É para o que alerta o PhD neurocientista, mestre em psicologia e biólogo, Dr. Fabiano de Abreu Agrela, autor de diversos estudos publicados sobre o assunto, segundo ele, os índices de ansiedade e uso de eletrônicos no Brasil facilitam a instalação do que para ele, seria uma patologia e poderia ser considerada desde já uma doença.

"O narcisismo e forma exacerbada leva a sintomas que tornam-se psicopatologias que acarretam em sintomas físicos e levam, inclusive, à diagnósticos de ansiedade, depressão, trantorno bipolar, das personalidades dramáticas, entre outros. Tudo isso é consequência, porém a causa está no narcisismo patológico. A sociedade brasileira é a mais ansiosa do mundo, também a que mais passa tempo nas telas. A ansiedade leva a sensações de pendências que coloca o sujeito em uma atmosfera negativa de ameaça e o comportamento na rotina de redes sociais, é para conseguir recompensa e sair desta atmosfera, mascara o narcisismo patológico, tornando-o uma epidemia, normalizada pela aceitação, o perigo avança sem resistência.”

Há quem duvide da classificação do narcisismo como um transtorno, qualificando-o apenas como um traço de personalidade, no entanto, de acordo com o Dr. Fabiano de Abreu, o narcisismo patológico, principalmente por ser culturalmente aceito, representa um perigo para o futuro da sociedade.
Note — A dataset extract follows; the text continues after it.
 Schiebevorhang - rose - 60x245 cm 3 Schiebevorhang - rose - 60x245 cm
“Na tentativa de impedir seu avanço, criando mecanismos mais salutares de exposição nas redes sociais. A recompensa instantânea, retira-o dessa sensação, mas torna-se viciante, iniciando um círculo vicioso acionando um gatilho interminável de dor e prazer, o processo molda o cérebro e acarreta em comportamentos que tornam-se culturais e desenvolvem a patologia.” Explica.
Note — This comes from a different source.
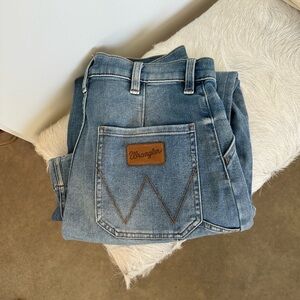 Wrangler Wide Leg Crop jeans size 30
“Estamos falando de narcisismo patológico, que formata um cérebro e um DNA, que será passado de geração para geração,enraizado em comportamentos culturalmente aceitos porém trazendo consequências sérias para o futuro, promovendo psicopatologias futuras que se tornaram epidêmicas.”

O que é o narcisismo patológico?

O narcisismo é uma admiração e valorização extrema por si mesmo, no entanto, em níveis mais elevados, o comportamento torna-se uma patologia que gera um super auto-apego e necessidade de admiração e reconhecimento.

As pessoas que sofrem da patologia podem ser manipuladoras e abusivas com terceiros para conseguir aclamações, comumente usam de dissimulação para não passar a ideia de desequilíbrio, podendo dificultar a identificação do transtorno e até torná-lo socialmente aceito.

Sobre o Dr. Fabiano de Abreu

Dr. Fabiano de Abreu Agrela, é um PhD em neurociências, mestre em psicologia, licenciado em biologia e história; também tecnólogo em antropologia com várias formações nacionais e internacionais em neurociências. É diretor do Centro de Pesquisas e Análises Heráclito (CPAH), Cientista no Hospital Universitário Martin Dockweiler, Chefe do Departamento de Ciências e Tecnologia da Logos University International, Membro ativo da Redilat - La Red de Investigadores Latino-americanos, do comitê científico da Ciência Latina, da Society for Neuroscience, maior sociedade de neurociências do mundo nos Estados Unidos e professor nas universidades; de medicina da UDABOL na Bolívia, Escuela Europea de Negócios na Espanha, FABIC do Brasil, investigador cientista na Universidad Santander de México e membro-sócio da APBE - Associação Portuguesa de Biologia Evolutiva.